C’est en toute liberté que Dieu se résout à la Passion, mais cette décision est inflexible. Et il est proprement impassible, au sens le plus noble du terme, celui qui ne se laisse pas détourner de ce qu’il a décidé, celui qui accepte sans coup férir [18] de prendre sur lui et de souffrir le péché d’un autre, celui dont l’impassible passibilité constitue l’unique sagesse et l’unique modèle qui se propose à la sainteté dont la possibilité nous est miraculeusement offerte à présent et jusqu’à la fin des temps. Telle est la leçon que nous affirmons avoir retenue de Hegel, et qui ne nous paraît pas mince [19] : « Le Père engendre le Fils, qui, fidèle au commandement d’amour que lui a donné le Père – cet amour même par lequel le Fils peut naître – réengendre le Père en mourant sur la Croix, et transmet ainsi l’amour comme source et comme fin » [20]. L’Esprit absolu hégélien s’avère ainsi comme l’impassible passibilité de la Médiation.

Maxence Caron, Maxence Caron, agrégé de philosophie, doctorant. A publié récemment Lire Hegel (Ellipses).

[1] Péguy, Ballade du cœur qui a tant battu, in Œuvres poétiques complètes, Pléiade, p. 1273.
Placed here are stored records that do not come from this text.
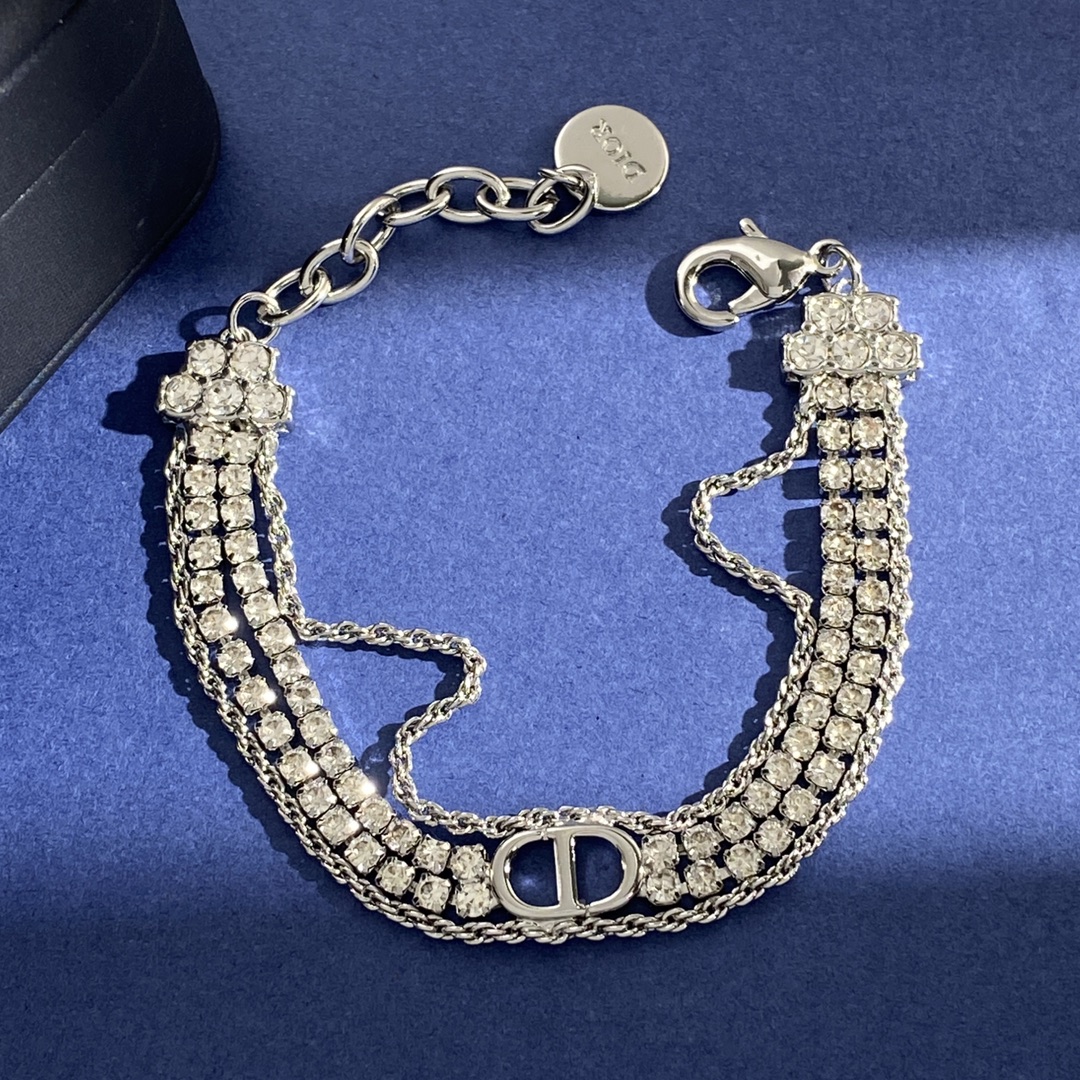 Dior 迪奥DIOR韩版轻奢 闪耀排钻四层链光面CD字母手链黄铜材料 银色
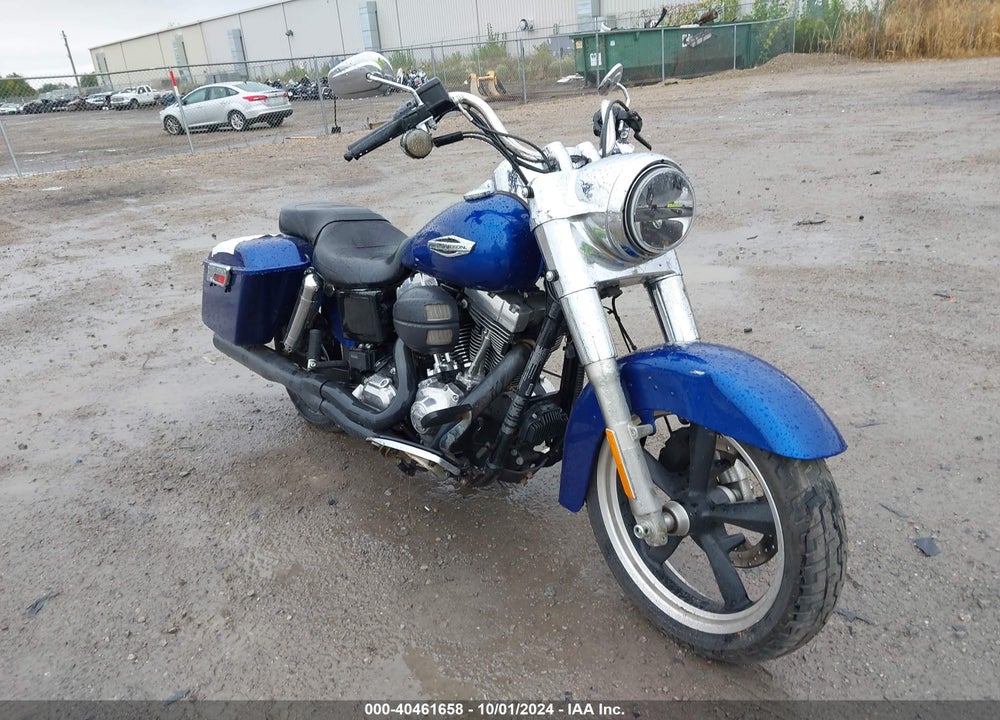 2015 HARLEY-DAVIDSON FLD SWITCHBACK VIN: 1HD1GZM10FC318083
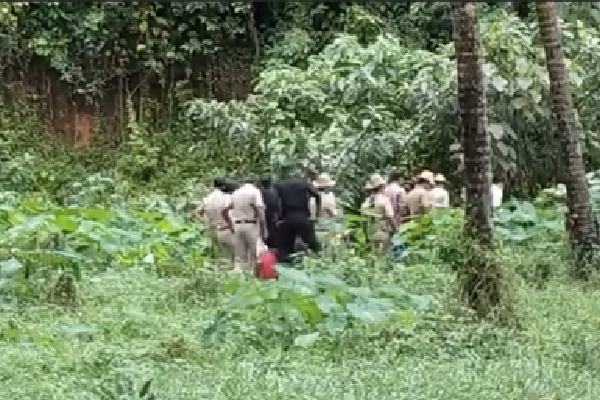 Dharmasthala mass graves case: SIT completes 6th day of excavation; multiple bones and a skull found, say sources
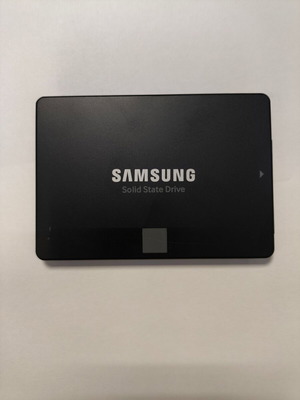 Samsung 860 EVO SSD 250GB like new, internal SATA III drive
[2] Par exemple pour les Juifs, qui, selon Hegel, ne sont pas parvenus à admettre l’existence ni la dignité d’une transcendance s’accomplissant dans l’endossement volontaire de la Croix, d’un Esprit absolu à l’épreuve de la souffrance et de la mort, soit d’un « roi sans couronne », pour reprendre une expression de Pascal.
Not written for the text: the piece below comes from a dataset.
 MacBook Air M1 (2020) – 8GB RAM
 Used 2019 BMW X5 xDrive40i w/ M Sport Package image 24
[3] Non pas à la manière du panthéisme, c’est-à-dire se confondant tout bonnement avec ses créatures, mais à travers l’effort incessant de chaque particulier en direction du tout : l’homme se meut parce qu’il aspire à la grâce.

[4] La racine indo-européenne du mot « dieu », dei, signifie la lumière, filiation que l’on retrouve dans l’adjectif « diurne ».
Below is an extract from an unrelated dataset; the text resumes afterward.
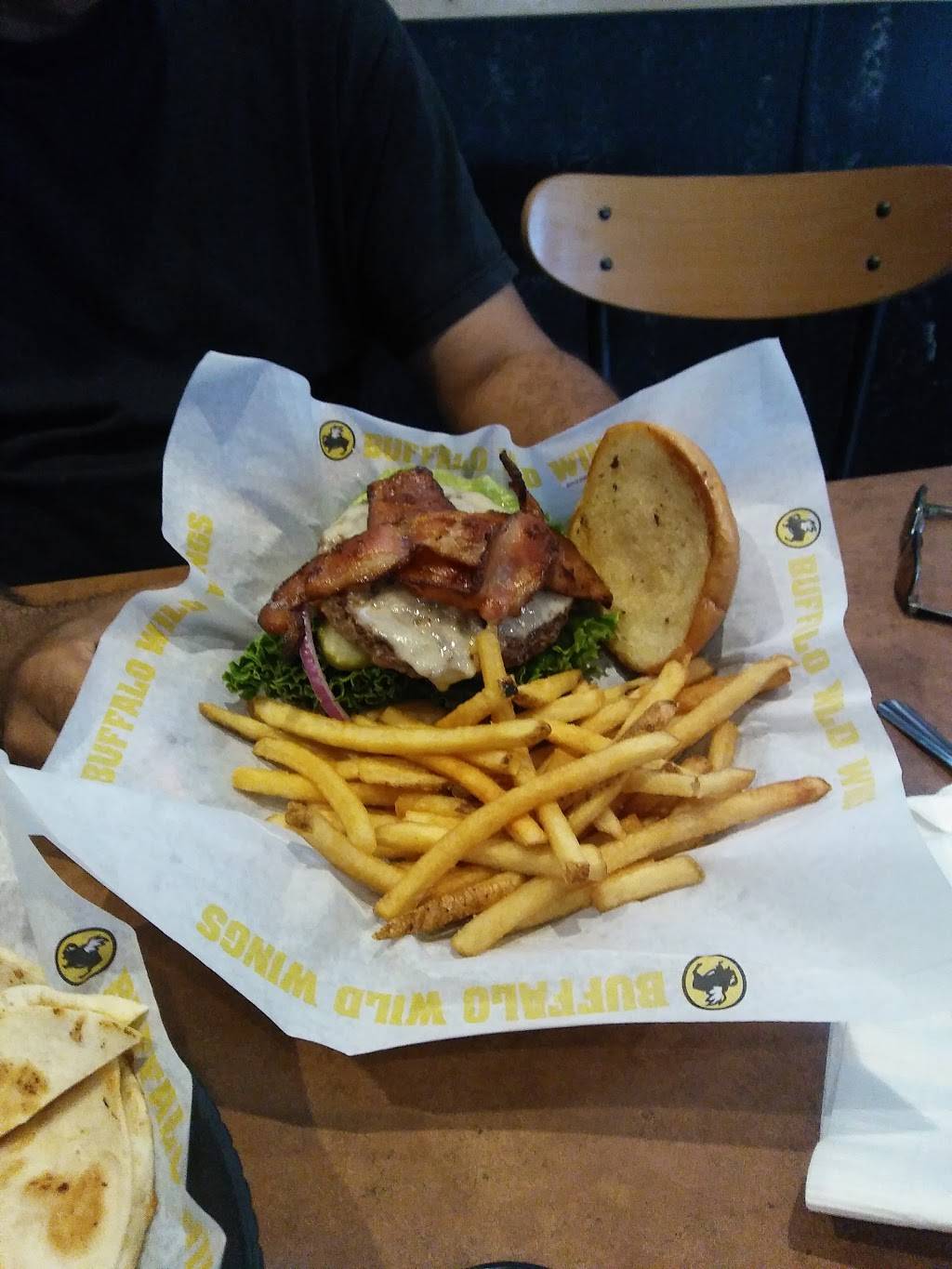 Buffalo Wild Wings | restaurant | 7020 Carpenter Rd, Skokie, IL 60077, USA | 8473299333 OR +1 847-329-9333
[5] Prologue de saint Jean (1, 5).

[6] Cf. Pascal, La clé du chiffre, éditions universitaires, 1991.

[7] Préface de la Phénoménologie de l’Esprit, traduction Bourgeois, Vrin, 1997, p. 71.

[8] Ibid., p. 69.

[9] Prologue de Saint Jean.

[10] Phénoménologie de l’Esprit, II, traduction Hyppolite, Aubier, p. 274.

[11] Soulignons le contraste des temps grammaticaux dans le Prologue de saint Jean : la succession des verbes au passé cesse au verset 5, par l’emploi de « briller » au présent, rupture qui instaure un schéma d’avant/après et par laquelle nous est mieux suggérée la teneur de ce que le Christ, dont le début du Prologue tait le nom comme pour mieux faire éprouver sa nécessité dans l’essence même de Dieu, nous a apporté : la rédemption. Après le péché, il était prévisible que Dieu, parce qu’il est Dieu, ne laisserait rien en dehors du joug de sa lumière (même pas les Enfers où (con)descendit le Christ), et c’est pourquoi Adam pécheur a pu apparaître comme forme en creux de l’homme nouveau, forma futuri.

[12] Aufgehoben, c’est-à-dire tout à la fois supprimé et conservé, c’est-à-dire encore dépassé, ou mieux : racheté.

[13] Ibid., p. 281.

[14] Ibid., p. 304.

[15] Dernière phrase de la Phénoménologie de l’Esprit, inspirée de Schiller : « Du calice de ce royaume des esprits, écume jusqu’à lui sa propre infinité ».

[16] Encyclopédie des sciences philosophiques, § 244, traduction Bourgeois, Vrin, 1970.

[17] En un pari encore plus inouï que celui de l’homme pascalien, puisque si l’homme possède la possibilité de parier sur Dieu, c’est uniquement parce que Dieu a toujours déjà parié sur l’homme.

[18] « Penses-tu que je ne puisse faire appel à mon Père, qui mettrait aussitôt à ma disposition plus de douze légions d’anges ? » (Mt 26,53).

[19] On nous dira que nous aurions pu tout autant la recevoir de la lecture d’un docteur de l’Église. Douce remontrance, car nous ne saurions nous avouer chagriné d’un tel rapprochement…

[20] Maxence Caron-Parte, Lire Hegel, Ellipses, p. 60.